Let’s talk a little about Sword Art Online. SAO was an anime with a really promising concept that lasted maybe twelve episodes before it lost a hold of what made its core concept great and slowly fell apart. By the time its second season began gone were the stakes that players who died in the game would die for real, replaced with a mindless ambling plot in a new MMO. Several episodes at a time would be dedicated to blandly written in game raids, with much of the drama and tension of the shows initial episodes missing.
Sword Art Online: Lost Song is an RPG set in the blander section of the Sword Art fiction. Its plot is deliberately low stakes, with minimal impact on the larger world it fits within and very little to get excited about in terms of gameplay mechanics.
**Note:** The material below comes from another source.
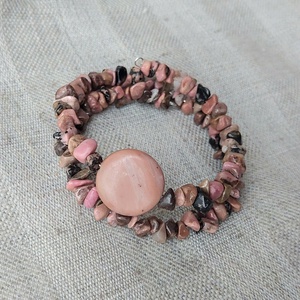 Rodonit ásvány karkötő dupla memória drótból - ékszer - karkötő - karperec - Meska.hu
As someone who loved Sword Art Online for around twelve episodes, I really cannot recommend picking up or playing Lost Song. It really isn’t worth it.
For anyone familiar with the entire run of Sword Art Online, Lost Song takes place in the fictional MMO of Alfheim Online. Mechanically, the game’s core gameplay loop seems initially intuitive and enjoyable. You double tap the D Pad to fly or set down on the ground, mash a limited variety of attacks to fight land and ground based enemies, then repeat.
For around the first five hours I found this pretty fun. Fly around a giant overworld looking down on epic scale monsters, swooping in to fight then fleeing just as easily. None of it was mechanically complex or deep, but I had fun button mashing my way past enemies as they came my way. The problem is, the following 15 or so hours I spent with the game were a lot less exciting. Environments became bland and predictable, enemy attack patterns started to lack variation, skills didn’t evolve in any meaningful way and I realized most enemies were most easily beaten by abusing gameplay systems. The game became a bland repetitive button masher.
Dodge, dodge, dodge, do a stupidly long combo string, hide in a corner to chip away damage using magic, repeat for the next enemy. It just really was not exciting.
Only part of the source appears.